Pobre Cosette! – Thérèse balbuciou, enquanto a pequena mão de Cosette,
impelida talvez pelo vento, ou mesmo por uma força sobrenatural, tão
obscura quanto extraordinariamente absurda, buscava, pela última vez, o
calor do seio materno. Thérèse Gritou, ao sentir que a mãozinha do
cadáver comprimia tenazmente o seu peito, ávida de carinhos. Sentiu que
as pernas arqueavam. Que a mente refluía. Que a boca beijava o chão.

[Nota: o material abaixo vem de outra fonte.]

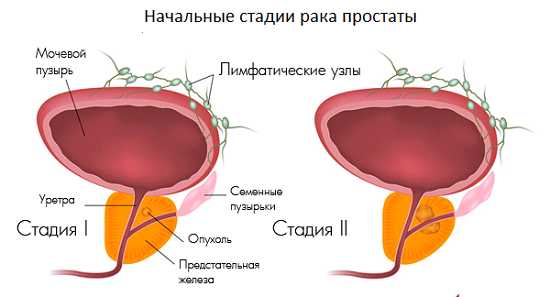 Как выглядит рак простаты у мужчин на фото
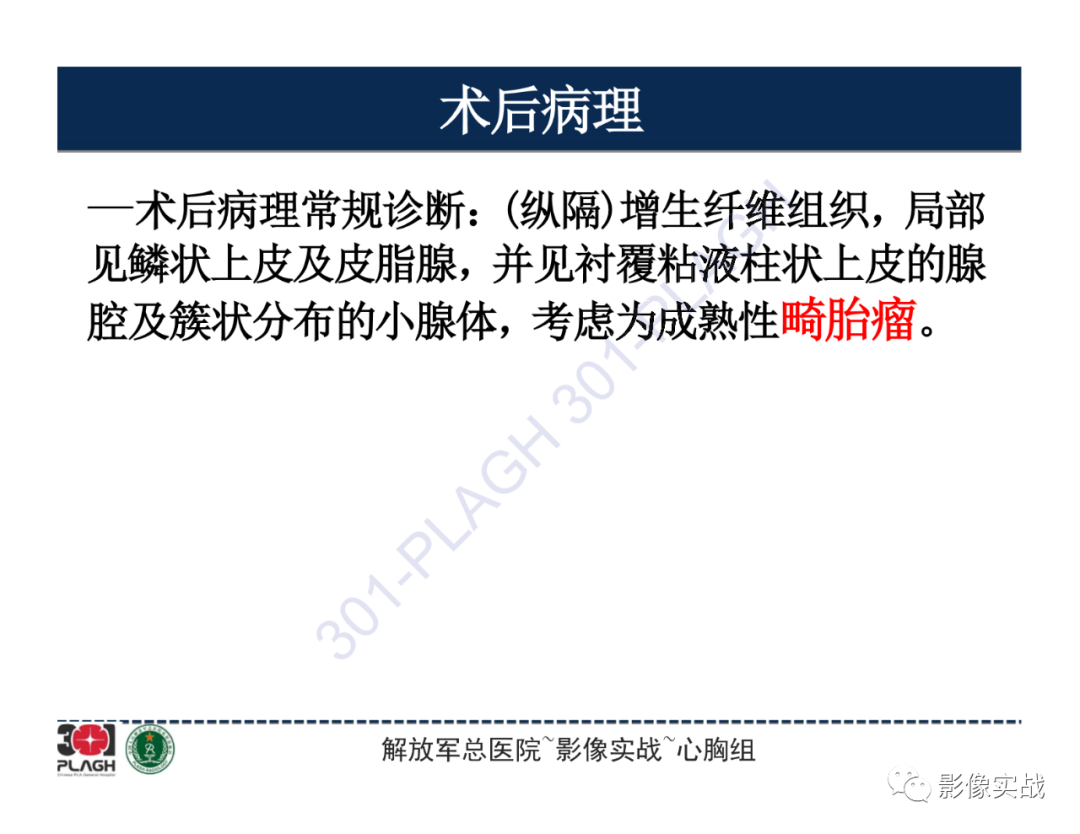 影像PPT - 【病例】前纵隔畸胎瘤1例CT影像-15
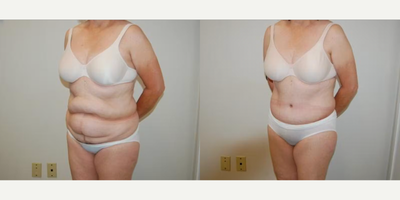 Case 1231 - Woman treated with Tummy Tuck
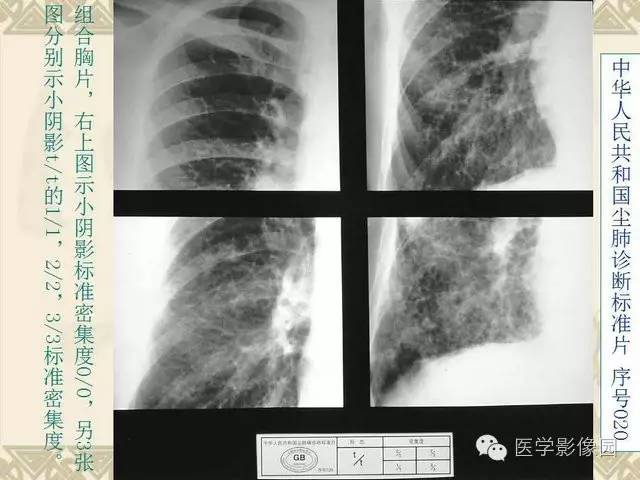【PPT】尘肺病诊断标准&标准片阅片解读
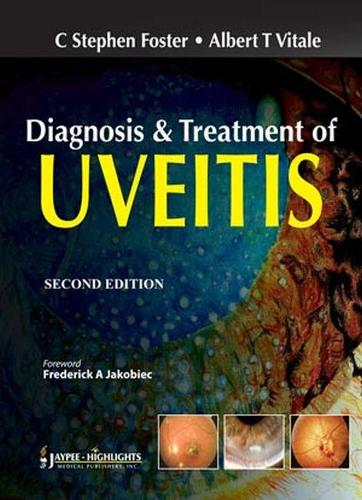 Бумажная книга «Diagnosis & Treatment of Uveitis», авторов Альберт Т. Витале, К Стивен Фостер - фото №1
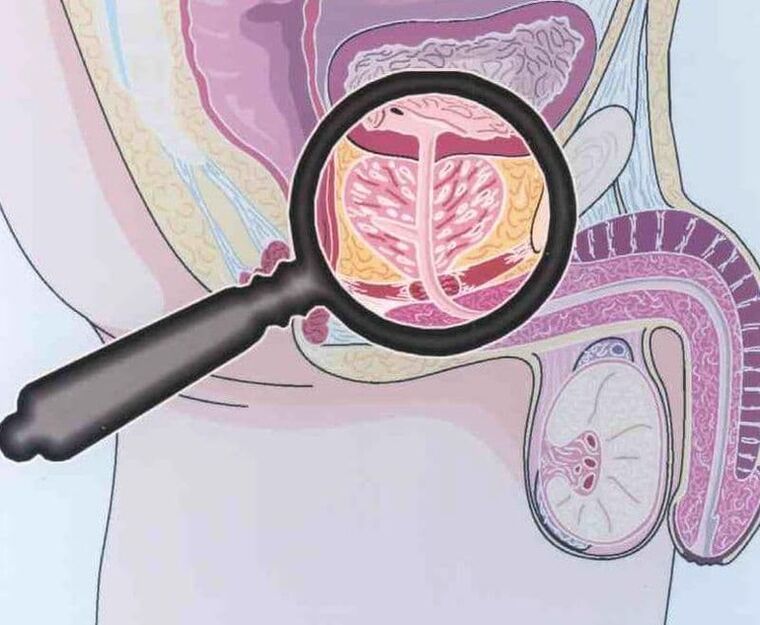 Defeat of prostate tissue in patients with chronic prostatitis men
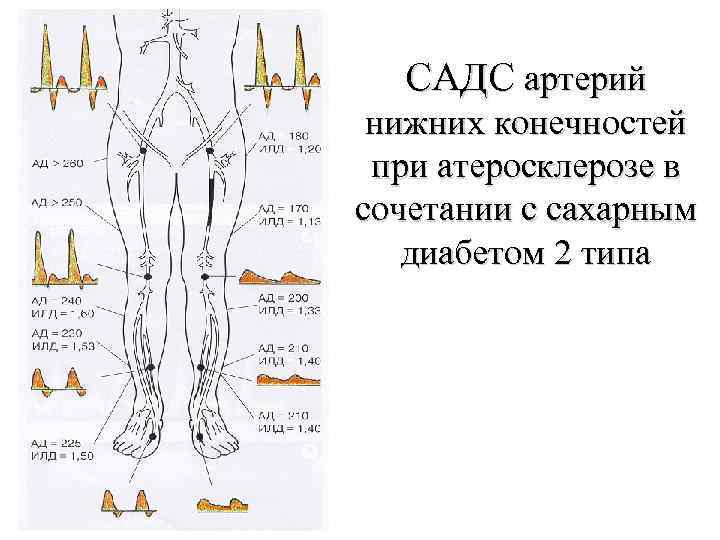 Схема узи нижних конечностей. УЗИ артерий нижних конечностей норма. Сканирование артерий нижних конечностей норма. УЗИ артерий нижних конечностей норма показателей. УЗИ анатомия артерий нижних конечностей.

Quando voltou a si, depois de um longo pesadelo – que, àquelas alturas,
lhe sabia aos lábios como belos sonhos –, seguido de um
desfalecimento negro e espesso, já anoitecia.
Foram os gritos de Jean-Pierre que trouxeram Thérèse de volta à
consciência. Sim, Jean-Pierre clamava, não muito longe. Gritava pela
mãe, Jean-Pierre. E como gritava! E como eram saudáveis os seus
pequenos pulmões, antes impregnados de peste e purulência! Jean-Pierre
estava vivo. Escapara milagrosamente à morte certa. Lebourreau
cumprira a sua promessa... “Quando Deus nos abandona, Lebourreau...”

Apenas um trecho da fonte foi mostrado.